▶ _Raw data_:

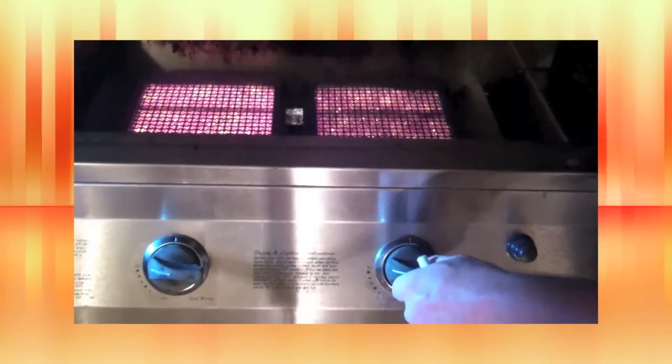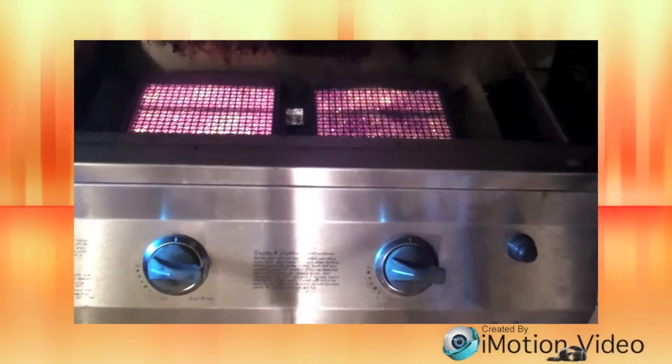The same is true to allow more gas flow. Set the control to low and adjust the ball valve counterclockwise. Notice the flames react with more gas. At the high setting, the valve is feeding more gas.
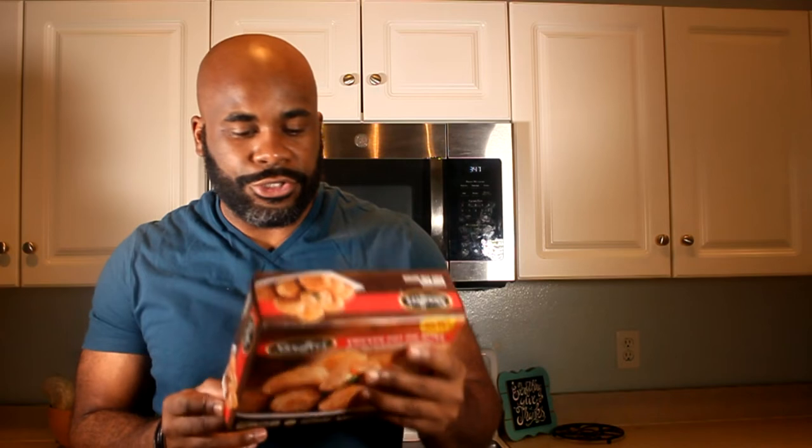Bake for an additional six minutes until golden brown and crispy. Remove from the oven and let stand three minutes before serving. Oh, and you can also do the air fryer — but since I've been baking everything, I'm not gonna do that today. When I make these for myself though, I'll use the air fryer.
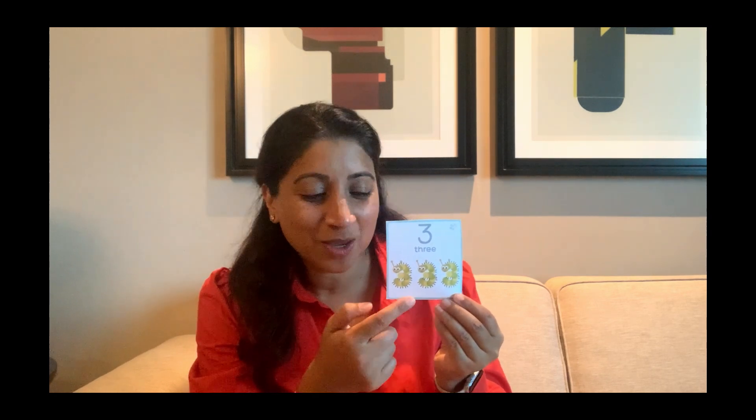Our next number is number three. It looks like this and it reads like this. And how many number three caterpillars can you see? Let's count together: one, two, three. And can you show me three fingers? One, two, three.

▶ _Task instructions_: Return the whole of the material above exactly, with no picture carried over.

▶ _Expected answer_:
The same is true to allow more gas flow. Set the control to low and adjust the ball valve counterclockwise. Notice the flames react with more gas. At the high setting, the valve is feeding more gas.
Bake for an additional six minutes until golden brown and crispy. Remove from the oven and let stand three minutes before serving. Oh, and you can also do the air fryer — but since I've been baking everything, I'm not gonna do that today. When I make these for myself though, I'll use the air fryer.
Our next number is number three. It looks like this and it reads like this. And how many number three caterpillars can you see? Let's count together: one, two, three. And can you show me three fingers? One, two, three.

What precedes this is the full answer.